---- Dataset extract

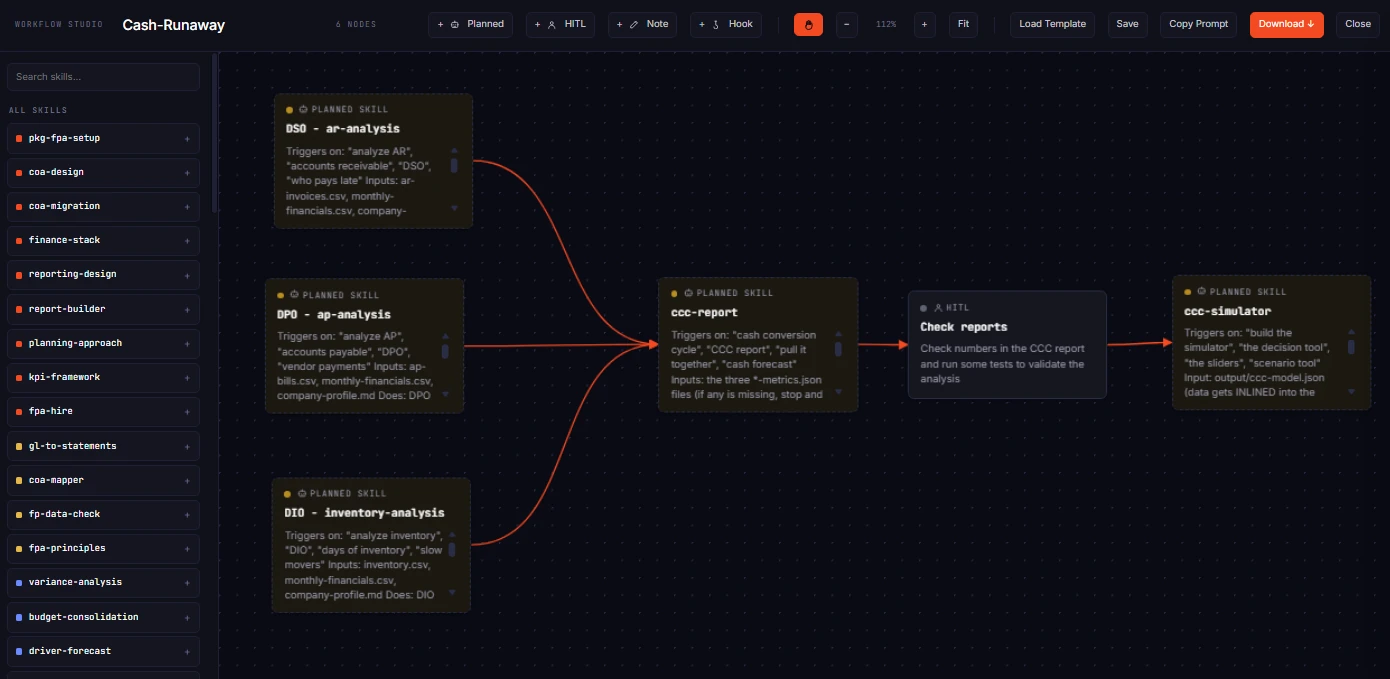 The Tactic OS Workflow Studio: the skill library down the left, and a cash-runaway workflow wiring AR, AP and inventory analysis into a cash conversion cycle report with a human review step.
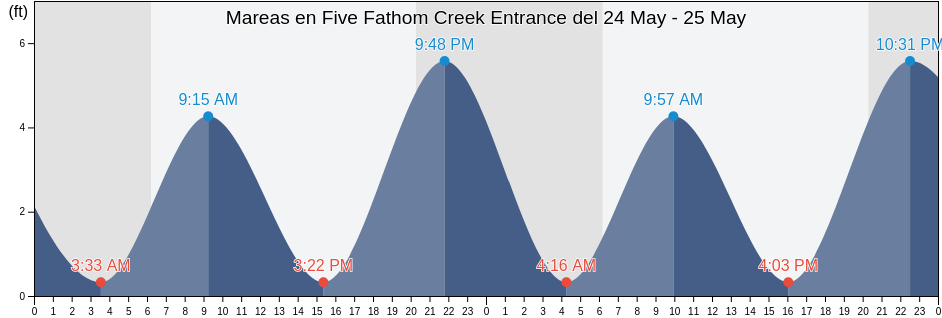 Mareas para hoy en Five Fathom Creek Entrance, Charleston County, South Carolina, United States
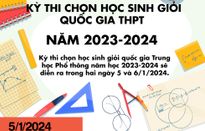 INFOGRAPHIC: Kỳ thi chọn học sinh giỏi quốc gia THPT năm 2023-2024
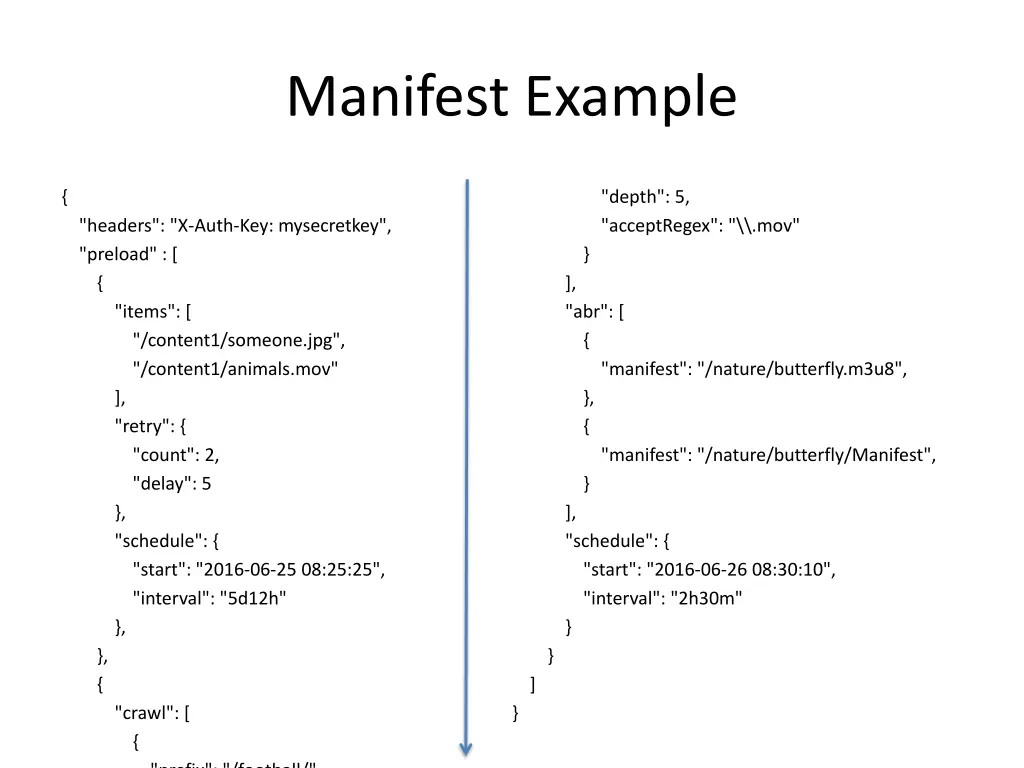 manifest example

--------

:: Task item ::
The expected output is the complete listing, word for word, without any picture.

:: Answer area ::
 The Tactic OS Workflow Studio: the skill library down the left, and a cash-runaway workflow wiring AR, AP and inventory analysis into a cash conversion cycle report with a human review step.
 Mareas para hoy en Five Fathom Creek Entrance, Charleston County, South Carolina, United States
 INFOGRAPHIC: Kỳ thi chọn học sinh giỏi quốc gia THPT năm 2023-2024
 manifest example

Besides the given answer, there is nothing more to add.